I am reminded of another such man who made it into his 60s proving his worth over and over and over and over. Guro Billy Bryant. I know of a man in his 80s who did this as well… Late Grandmaster Antonio Illustrisimo. I know of another man also in his 80s who does this in every new town he travels to:  Grandmaster Cacoy Cañete. Each of these men are known for picking up a stick and asking to see what you’ve got. And hundreds, maybe thousands, have expressed amazement that these men still have the ability to defeat younger men. Guro Bryant had a second life many FMA practitioners do not know, as he hung in Karate circles as much as he did in FMA circles (which mostly did not overlap). In the Karate circles, Billy actively fought in tournaments, both point and semi-pro (contact) and emerged not just victorious, but dominant. It was not ego for them, I’m sure. Most likely, it was simply what they do. Some people play music all their lives, some shoot pool, these men enjoyed fighting matches. And I only knew Bryant, but he was very passionate about winning and losing. When he lost, it was a very loud dispute, and the vehicle ride home was often very quiet. See, Billy’s livelihood depended on wins and losses. If he lost, he could not pay his rent or eat. This is why I say it was not ego for him–it was his way of life, and I know many of you know very little about this. It was also the reason he was in tip top shape, and many other masters stayed in good shape and sought to remain superior. I believe that if Billy has any ego at all, it was through his FMA that he expressed it, but he is a warrior in every sense of the word. I do not doubt that GMs Cacoy and Ilustrisimo were no different. This is how they made their living and after a lifetime of fighting matches, you don’t just stop because your hair is falling out.

And when you lose, you are not expected to just “grow up” and take it like a man. I heard a fighter once say, “If you can handle losing calmly, you’ll never be a champion.” To be a winner, you must despise losing. We’re not talking fun and games; to the warrior a loss spells inability to pay bills, damage to one’s reputation, training time being wasted, even death. We are in the business of dominating another human being, and there is no retirement pay. So warriors, unlike other professions, never give up the warrior thing.

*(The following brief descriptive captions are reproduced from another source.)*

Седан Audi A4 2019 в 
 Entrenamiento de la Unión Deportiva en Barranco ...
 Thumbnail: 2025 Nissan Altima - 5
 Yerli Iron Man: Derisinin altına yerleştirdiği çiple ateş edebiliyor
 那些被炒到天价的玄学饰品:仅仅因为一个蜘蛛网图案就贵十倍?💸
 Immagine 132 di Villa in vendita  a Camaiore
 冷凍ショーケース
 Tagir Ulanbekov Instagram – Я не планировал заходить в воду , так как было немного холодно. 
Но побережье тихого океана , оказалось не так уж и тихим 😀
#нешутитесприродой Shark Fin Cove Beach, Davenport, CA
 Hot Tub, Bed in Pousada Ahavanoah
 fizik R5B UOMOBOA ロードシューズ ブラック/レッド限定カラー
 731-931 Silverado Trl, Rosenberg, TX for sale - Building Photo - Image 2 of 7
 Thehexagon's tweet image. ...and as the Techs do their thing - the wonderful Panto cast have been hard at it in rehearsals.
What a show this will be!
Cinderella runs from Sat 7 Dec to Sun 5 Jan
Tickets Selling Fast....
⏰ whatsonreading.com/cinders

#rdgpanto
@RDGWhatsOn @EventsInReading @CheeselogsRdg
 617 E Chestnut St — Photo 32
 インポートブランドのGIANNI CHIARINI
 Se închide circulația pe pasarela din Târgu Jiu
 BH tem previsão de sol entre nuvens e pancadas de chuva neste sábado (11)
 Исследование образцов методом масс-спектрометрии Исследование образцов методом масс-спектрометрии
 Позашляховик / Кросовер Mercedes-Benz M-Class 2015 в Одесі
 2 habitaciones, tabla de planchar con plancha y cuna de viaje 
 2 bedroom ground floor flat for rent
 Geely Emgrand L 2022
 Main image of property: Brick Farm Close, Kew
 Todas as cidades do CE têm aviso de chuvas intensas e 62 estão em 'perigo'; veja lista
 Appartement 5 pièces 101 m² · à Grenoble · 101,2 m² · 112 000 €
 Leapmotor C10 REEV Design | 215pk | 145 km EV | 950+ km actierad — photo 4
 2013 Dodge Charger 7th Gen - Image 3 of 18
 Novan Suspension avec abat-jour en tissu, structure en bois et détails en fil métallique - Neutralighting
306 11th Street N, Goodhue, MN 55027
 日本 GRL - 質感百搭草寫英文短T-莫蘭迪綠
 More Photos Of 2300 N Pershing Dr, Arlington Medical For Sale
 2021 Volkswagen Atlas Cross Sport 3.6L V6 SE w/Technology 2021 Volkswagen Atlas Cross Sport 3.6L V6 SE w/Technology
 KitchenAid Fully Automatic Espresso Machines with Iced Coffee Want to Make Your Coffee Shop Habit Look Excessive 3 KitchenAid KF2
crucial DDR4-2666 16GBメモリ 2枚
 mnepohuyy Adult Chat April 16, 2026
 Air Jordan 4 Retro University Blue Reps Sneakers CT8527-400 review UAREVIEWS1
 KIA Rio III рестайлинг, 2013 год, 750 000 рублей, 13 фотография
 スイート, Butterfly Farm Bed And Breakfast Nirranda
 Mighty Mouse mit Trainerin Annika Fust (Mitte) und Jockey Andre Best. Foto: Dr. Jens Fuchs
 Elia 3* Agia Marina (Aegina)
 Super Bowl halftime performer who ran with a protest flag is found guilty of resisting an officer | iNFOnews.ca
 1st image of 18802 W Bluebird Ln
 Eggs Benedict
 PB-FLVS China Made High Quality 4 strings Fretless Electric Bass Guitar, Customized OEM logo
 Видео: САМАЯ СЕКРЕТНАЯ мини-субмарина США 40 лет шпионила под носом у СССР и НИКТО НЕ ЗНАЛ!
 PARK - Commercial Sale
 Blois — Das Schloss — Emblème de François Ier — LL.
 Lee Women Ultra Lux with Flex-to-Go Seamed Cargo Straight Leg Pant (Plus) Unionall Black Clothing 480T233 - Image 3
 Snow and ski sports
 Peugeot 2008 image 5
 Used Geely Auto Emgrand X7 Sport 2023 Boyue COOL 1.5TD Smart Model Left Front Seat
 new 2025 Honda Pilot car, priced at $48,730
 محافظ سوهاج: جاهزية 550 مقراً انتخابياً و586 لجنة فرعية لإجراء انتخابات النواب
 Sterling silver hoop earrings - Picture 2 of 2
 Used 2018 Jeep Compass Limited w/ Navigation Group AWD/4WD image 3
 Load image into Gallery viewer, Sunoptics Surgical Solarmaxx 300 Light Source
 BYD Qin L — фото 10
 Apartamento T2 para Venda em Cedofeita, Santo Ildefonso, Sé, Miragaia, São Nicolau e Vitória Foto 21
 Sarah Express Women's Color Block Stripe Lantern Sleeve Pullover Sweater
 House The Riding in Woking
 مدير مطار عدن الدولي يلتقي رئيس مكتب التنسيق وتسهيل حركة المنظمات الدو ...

Yet I will admit to being somewhat of a sore loser. Yes, I have a temper. But I also have a short memory, so anything I do after losing is not personal; it’s just business. So part of my business requires me to retest after a failed test, to revise or strengthen what I do, and I am pretty passionate about winning and losing. My students who compete heavily know this (as do members of the audience), so in the same way I yell and scream during Redskin games, boxing matches, I will scream at my students in tournaments (another reason I stay home) and may occasionally argue with a referee, opponent, or ask for a rematch if I lose. Just call me a diehard competitor and fan, but deep down inside I am a warrior who never plans to retire.